[Caption-style text data]
⟨
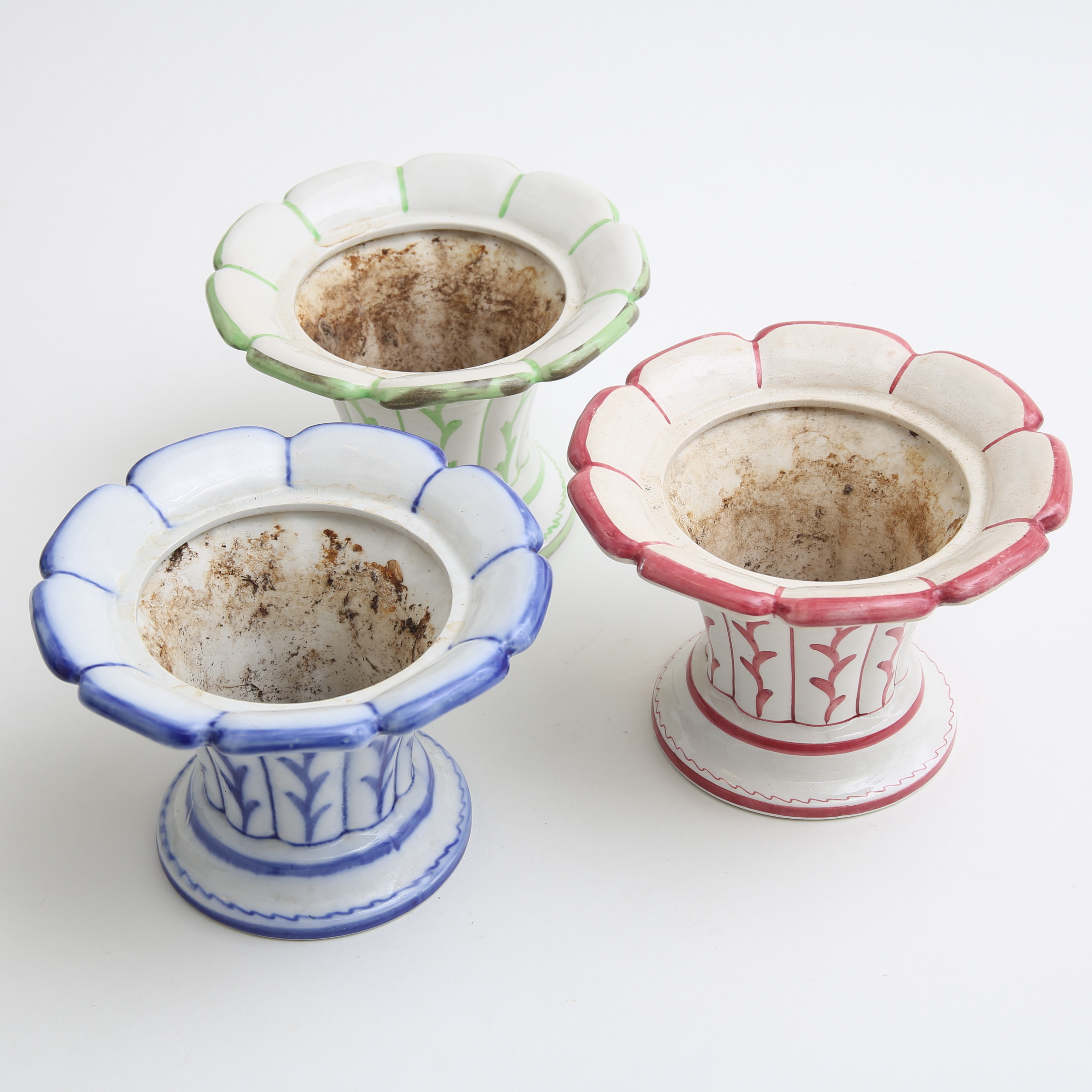 WILHELM KÅGE. Tulpanvaser, 3 st, flintgods, Gustavsberg, 1920/30-tal.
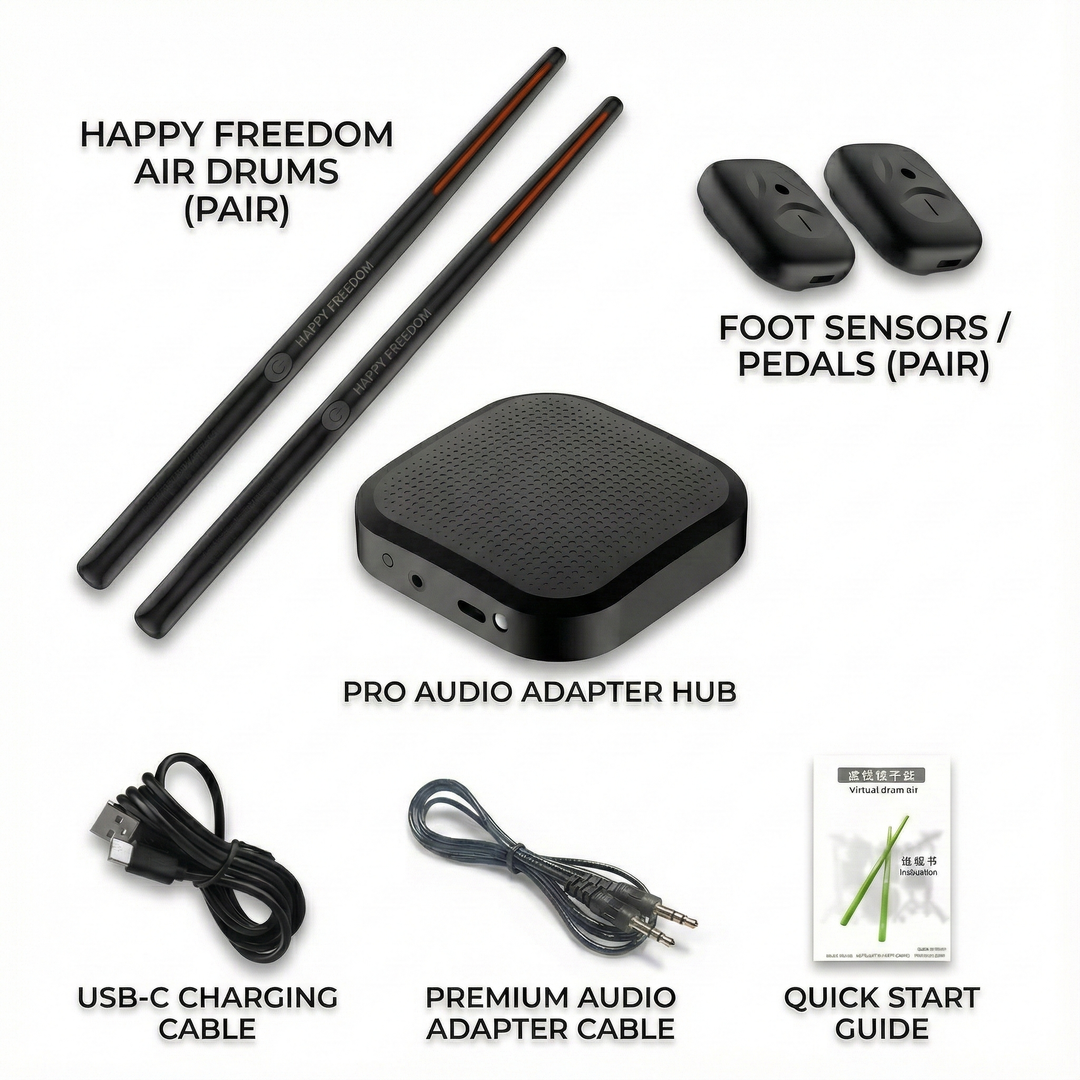 Air Drum Kit | Motion-Sensing Sticks and Foot Pedals | Rechargeable Battery, Silent Headphone Practice, Three Colours 4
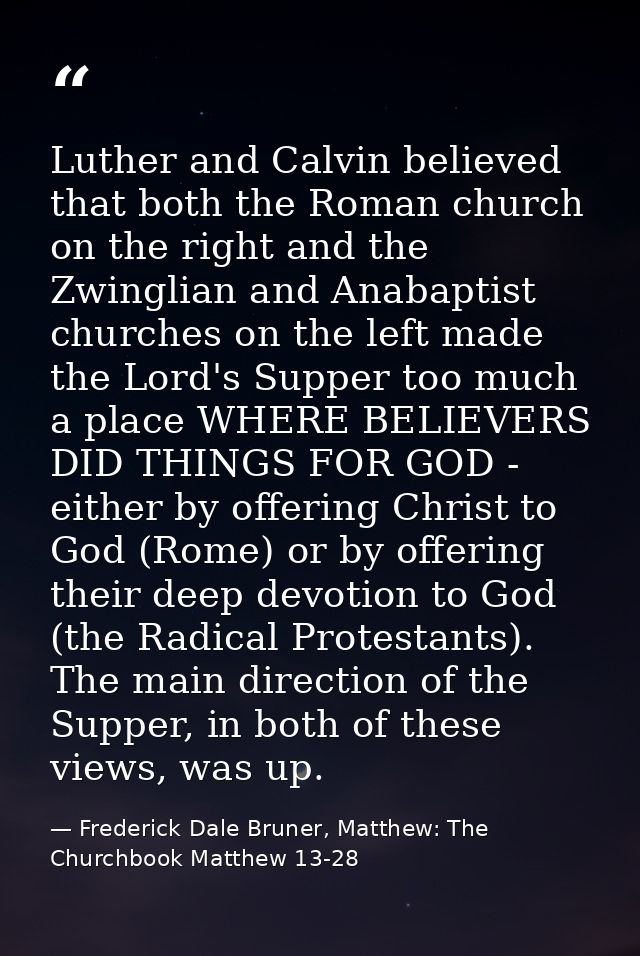 Luther and Calvin believed that both the Roman church on the right and the Zwinglian and Anabaptist churches on the left — Frederick Dale Bruner, Matthew: The Churchbook Matthew 13-28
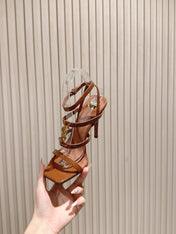 YSL 25S STILETTO HIGH-HEEL SANDALS 100 MM IN BROWN LAMBSKIN WITH GOLD HARDWARE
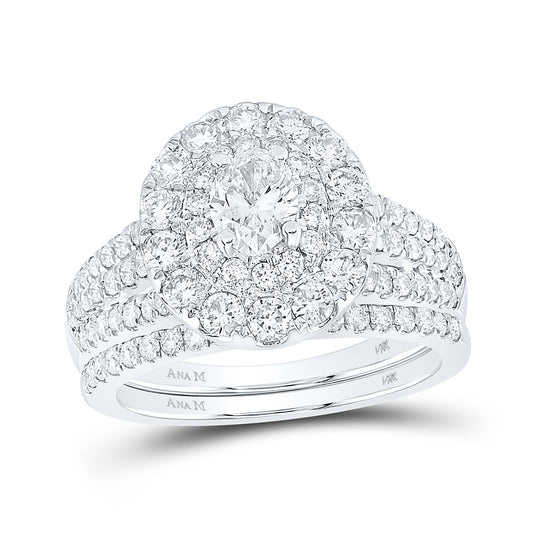 14K Yellow Gold Oval Diamond Halo Bridal Wedding Ring Band Set 2 Cttw, Womens Size: 5-10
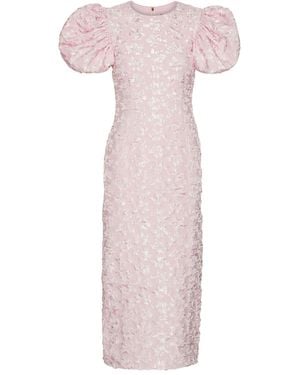 ROTATE BIRGER CHRISTENSEN Puff-sleeve jacquard maxi dress - Pink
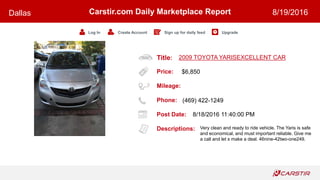 Title:
Price:
Mileage:
Phone:
Post Date:
Descriptions:
Carstir.com Daily Marketplace Report
Log In Create Account Sign up for daily feed Upgrade
Dallas 8/19/2016
2009 TOYOTA YARISEXCELLENT CAR
$6,850
(469) 422-1249
8/18/2016 11:40:00 PM
Very clean and ready to ride vehicle. The Yaris is safe
and economical, and must important reliable. Give me
a call and let s make a deal. 46nine-42two-one249.
 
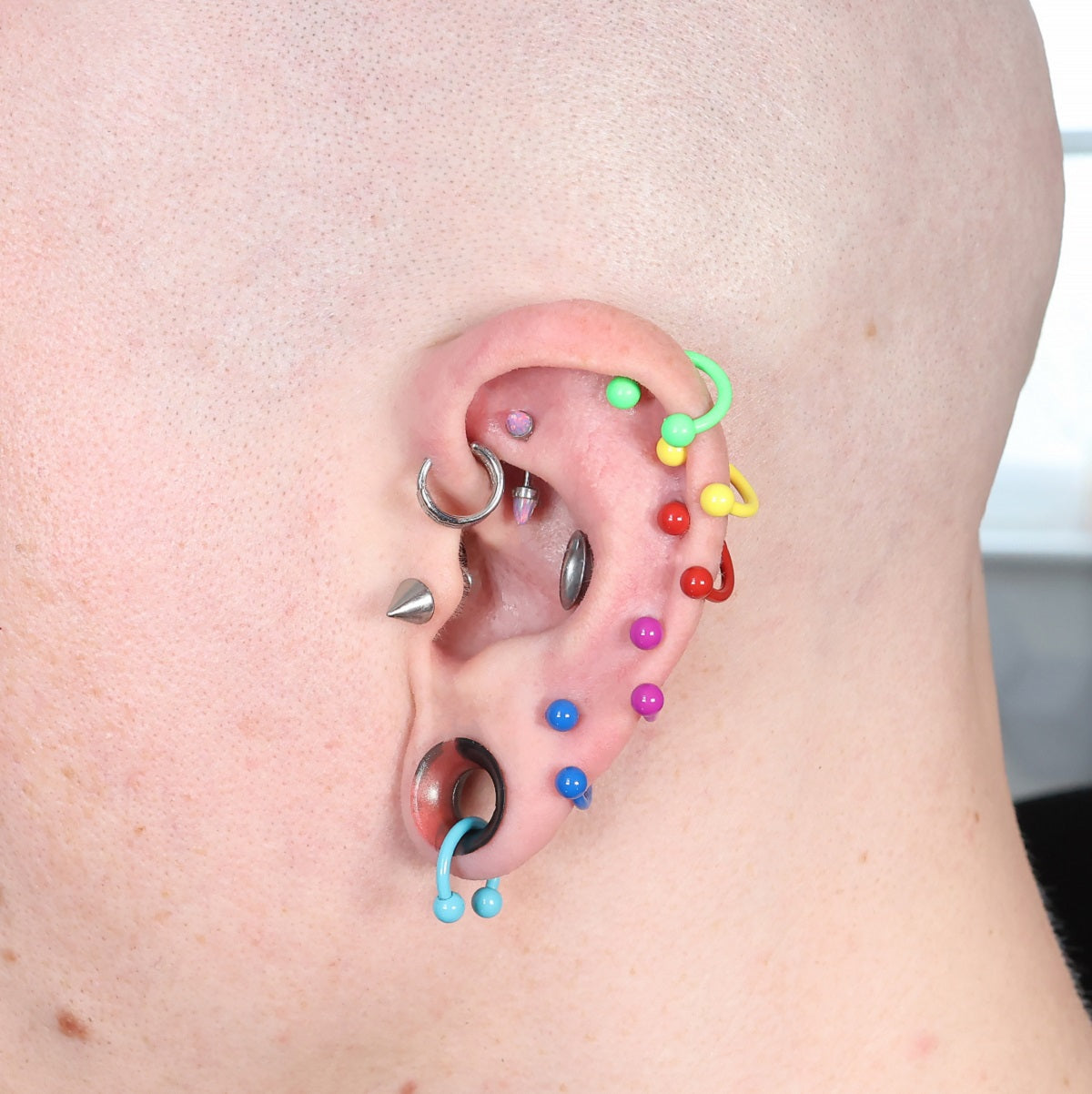 Oufer X Roly 6PCS Rainbow Set Multicolored Horseshoe Septum Rings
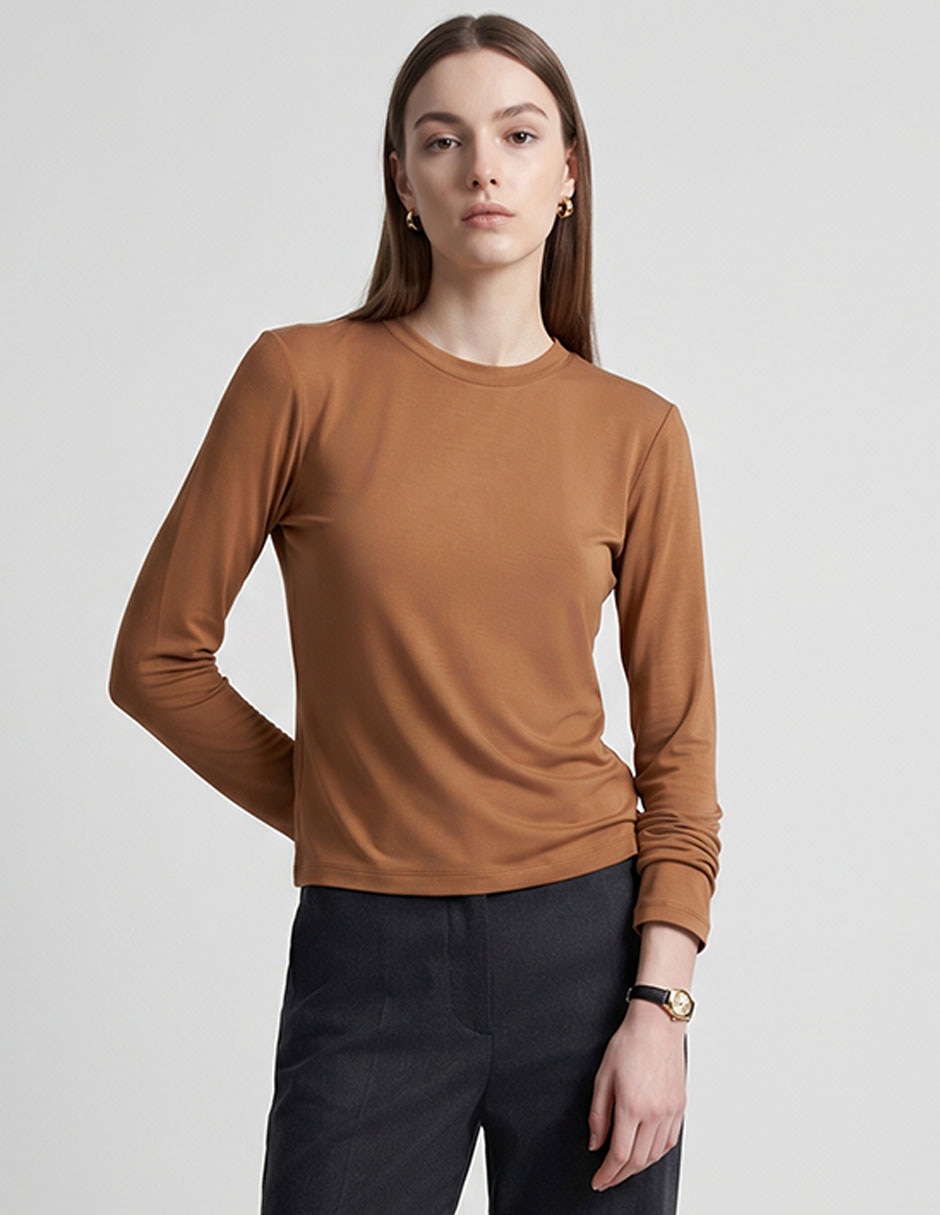 Playera manga larga cuello redondo para mujer Playera manga larga cuello redondo para mujer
⟩
What to do:
Write out again exactly the lines above from the one with "14K Yellow Gold" through the one with "Very clean and", adding no other lines and no pictures.

Solution for this task:
 14K Yellow Gold Oval Diamond Halo Bridal Wedding Ring Band Set 2 Cttw, Womens Size: 5-10
 ROTATE BIRGER CHRISTENSEN Puff-sleeve jacquard maxi dress - Pink
 Title:
Price:
Mileage:
Phone:
Post Date:
Descriptions:
Carstir.com Daily Marketplace Report
Log In Create Account Sign up for daily feed Upgrade
Dallas 8/19/2016
2009 TOYOTA YARISEXCELLENT CAR
$6,850
(469) 422-1249
8/18/2016 11:40:00 PM
Very clean and ready to ride vehicle. The Yaris is safe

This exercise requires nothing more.